[DATA PROVIDED]:
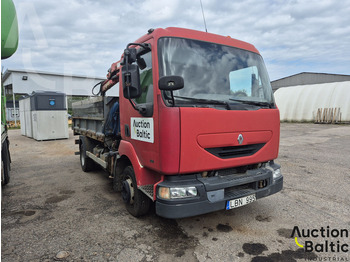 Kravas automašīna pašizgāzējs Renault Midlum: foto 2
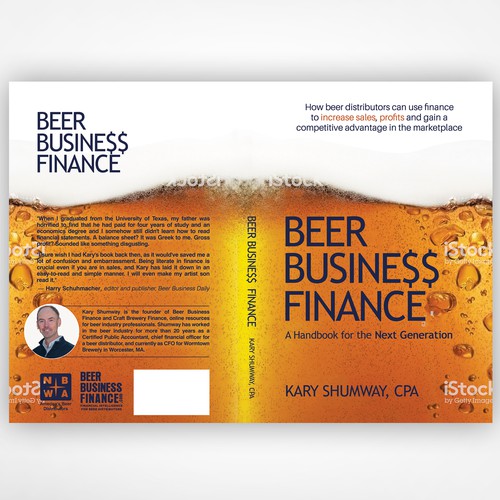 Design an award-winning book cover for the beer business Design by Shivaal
...
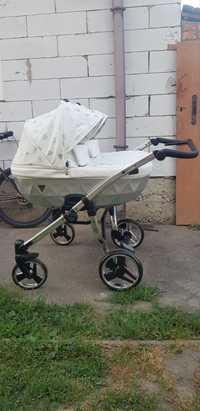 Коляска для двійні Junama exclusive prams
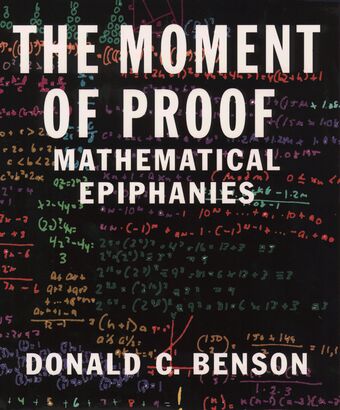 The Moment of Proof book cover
--
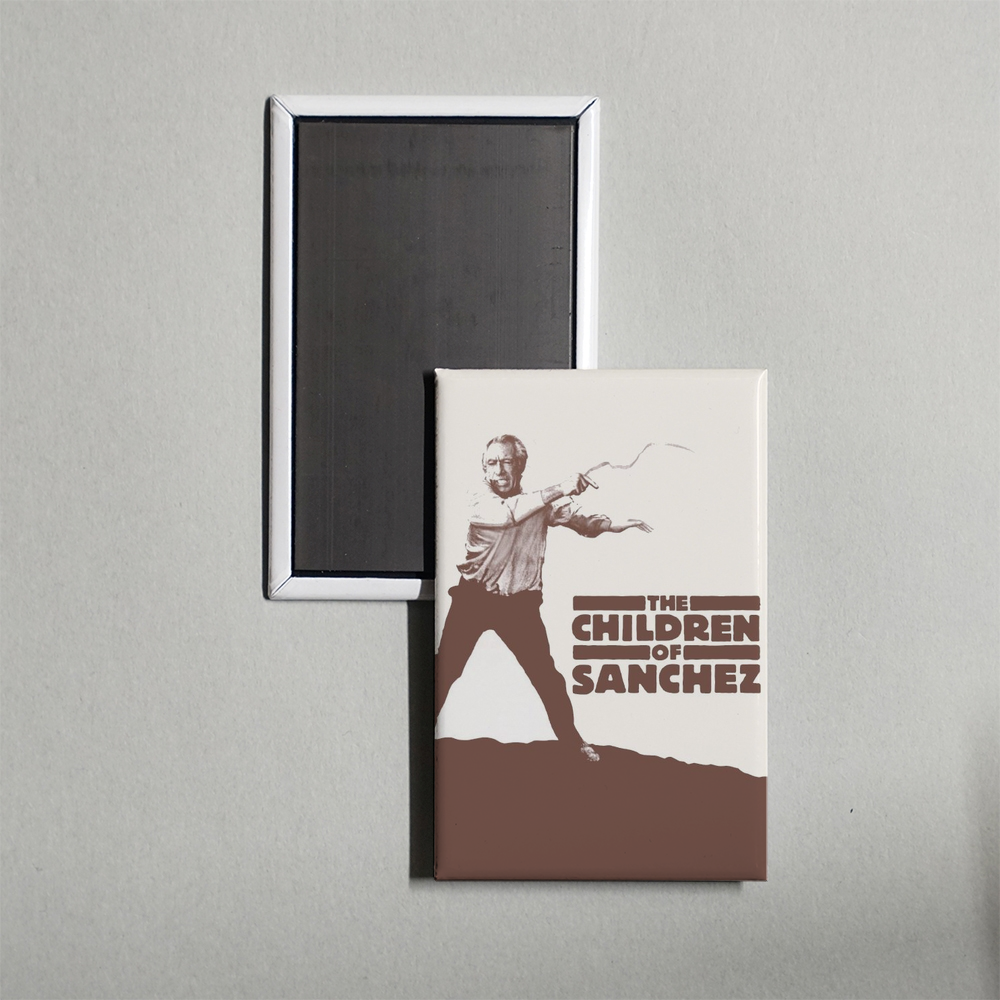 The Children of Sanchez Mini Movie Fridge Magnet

[ACTIVITY]:
In the entries above, every line from the line with "Kravas automašīna pašizgāzējs" to the line with "Design an award-winning" is to be printed exactly, with both ends included and pictures excluded.

[FINISHED EXERCISE]:
 Kravas automašīna pašizgāzējs Renault Midlum: foto 2
 Design an award-winning book cover for the beer business Design by Shivaal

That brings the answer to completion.